We assume row_i(G_m)′ = N_N(m)(0,Σ_G), with independent rows. Both F(m) and G_m increase by N rows at each step, which corresponds to drawing a larger random sample for G_m.

Proof of Lemma 4

Consider

$$\underset{N\left(m\right)\to \infty }{\overset{\lim }{}}{\left[N\left(m\right)\right]}^{-1}{\mathit{M}}^{-1}=\underset{N\left(m\right)\to \infty }{\overset{\lim }{}}{[{\mathit{T}}_1∕N\left(m\right)]}^{-1}-\underset{N\left(m\right)\to \infty }{\overset{\lim }{}}\left([N\left(m\right){\sigma }_g^2∕(q_1+q_2)]\left\{{\left[N\left(m\right)\right]}^{-2}{\sigma }_g^{-2}{\mathit{T}}_1{\mathit{g}}_{\ast }{\mathit{g}}_{\ast }^{\prime }{\mathit{T}}_1\right\}\right)$$ (A13)

First

$$\begin{array}{cc}\hfill \underset{N\left(m\right)\to \infty }{\overset{\lim }{}}{[{\mathit{T}}_1∕N\left(m\right)]}^{-1}& =\underset{N\left(m\right)\to \infty }{\overset{\lim }{}}{\{{\mathit{C}}_F{\left[N\left(m\right){\mathit{F}}_e^{\prime }\mathit{W}{\mathit{F}}_e\right]}^{-1}{\mathit{C}}_F^{\prime }∕N\left(m\right)\}}^{-1}\hfill \\ \hfill & ={\mathit{M}}_{\mathrm{LA}}^{-1}\hfill \end{array}$$ (A14)

Next write

$$\underset{N\left(m\right)\to \infty }{\overset{\lim }{}}\left[\frac{{\sigma }_g^{2}N\left(m\right)}{q_1+q_2}\right]=\underset{N\left(m\right)\to \infty }{\overset{\lim }{}}\frac{1}{{\left[N\left(m\right){\sigma }_g^2\right]}^{-1}{q}_1+{\left[N\left(m\right){\sigma }_g^2\right]}^{-1}{q}_2}$$ (A15)

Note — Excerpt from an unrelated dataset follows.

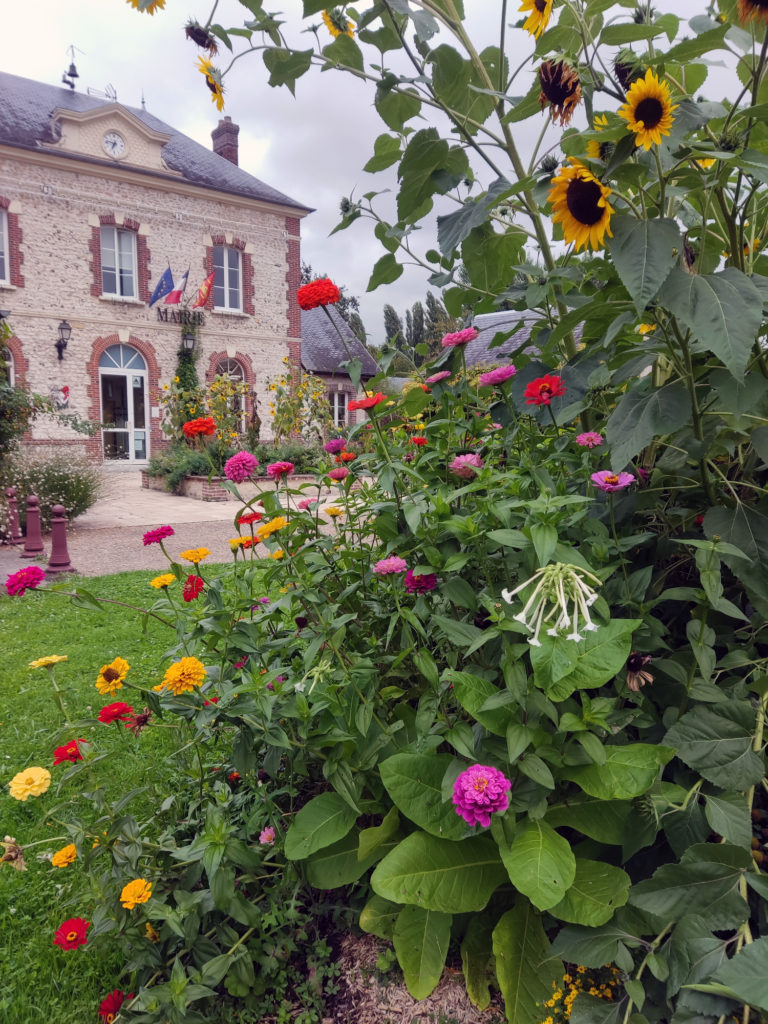 Massif de fleurs avec une mairie en arrière plan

and use lemma 19.9 of Arnold (reference [32], p. 365) to show ${\lim }_{N\left(m\right)\to \infty }{\left[N\left(m\right){\sigma }_g^2\right]}^{-1}{q}_1=1$ As the Gaussian in q₂ converges in probability to a point mass, $q_2∕N\left(m\right)\stackrel{p}{\to }{\mathit{c}}_g^{\prime }{\mathit{M}}_{\mathrm{LA}}^{-1}{\mathit{c}}_g∕{\sigma }_g^2$. Finally

$${\mathit{T}}_1{\mathit{g}}_{\ast }{\mathit{g}}_{\ast }^{\prime }{\mathit{T}}_1{\left[{\sigma }_{g}N\left(m\right)\right]}^{-2}={\mathit{T}}_1{\mathit{g}}_{\ast }{\mathit{g}}_{\ast }^{\prime }{\left[{\sigma }_{g}N\left(m\right)\right]}^{-2}{\mathit{T}}_1$$ (A16)

with ${\mathit{T}}_1={\left\{{\mathit{C}}_F{\left[N\left(m\right){\mathit{F}}_e^{\prime }{\mathit{WF}}_e\right]}^{-1}{\mathit{C}}_F^{\prime }\right\}}^{-1}$. Since the Gaussian vector in ${\mathit{T}}_1{\mathit{g}}_{\ast }{\mathit{g}}_{\ast }^{\prime }{\mathit{T}}_1$ converges in probability to a point mass

$${\mathit{T}}_1{\mathit{g}}_{\ast }{\mathit{g}}_{\ast }^{\prime }{\mathit{T}}_1{\sigma }_g^{-2}{\left[N\left(m\right)\right]}^{-2}\underrightarrow{p}{\mathit{M}}_{\mathrm{LA}}^{-1}{\mathit{c}}_g{\mathit{g}}_g^{\prime }{\mathit{M}}_{\mathrm{LA}}^{-1}{\sigma }_g^{-2}$$ (A17)

and the result follows.

Proof of Theorem 3

For the HLT, approximate unconditional power is defined in equation (15). By lemma 4, ${\mathit{H}}_{\mathrm{LA}}\stackrel{p}{\to }{\mathit{Q}}_{LA}$. Thus ${\lim }_{N\left(m\right)\to \infty }{\omega }_{\mathrm{H}}={\omega }_{H,\mathrm{LA}}$. The result follows by lemma 1 in Glueck and Muller [33]. For the univariate tests, convergence of H_LA implies that lim_N(m)→∞ω_U=ω_U,LA, and the CDF of non-centrality becomes a point mass. Similar arguments apply to the Pillai-Bartlett and Wilks' tests. Hence they have the same asymptotic unconditional power under local alternatives.